A precise repetition of every line below is the required answer.

### Provided data

[Start of Attachment]

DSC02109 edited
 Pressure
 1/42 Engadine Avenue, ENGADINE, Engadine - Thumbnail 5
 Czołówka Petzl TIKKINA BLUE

[End of Attachment]

### Response
DSC02109 edited
 Pressure
 1/42 Engadine Avenue, ENGADINE, Engadine - Thumbnail 5
 Czołówka Petzl TIKKINA BLUE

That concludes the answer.